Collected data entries
____

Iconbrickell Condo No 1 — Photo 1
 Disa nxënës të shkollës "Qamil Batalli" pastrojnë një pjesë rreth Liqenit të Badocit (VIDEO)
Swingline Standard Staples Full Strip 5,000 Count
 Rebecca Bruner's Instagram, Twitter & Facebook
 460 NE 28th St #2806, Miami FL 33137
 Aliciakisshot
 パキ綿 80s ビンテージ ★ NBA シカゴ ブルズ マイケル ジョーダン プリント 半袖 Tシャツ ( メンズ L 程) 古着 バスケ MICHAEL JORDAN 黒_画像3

____

Your assignment |
Return the line that contains "460 NE 28th St #2806, Miami FL 33137" along with every line after it through the end of the entries, exactly, adding nothing.

Answer for this exercise |
 460 NE 28th St #2806, Miami FL 33137
 Aliciakisshot
 パキ綿 80s ビンテージ ★ NBA シカゴ ブルズ マイケル ジョーダン プリント 半袖 Tシャツ ( メンズ L 程) 古着 バスケ MICHAEL JORDAN 黒_画像3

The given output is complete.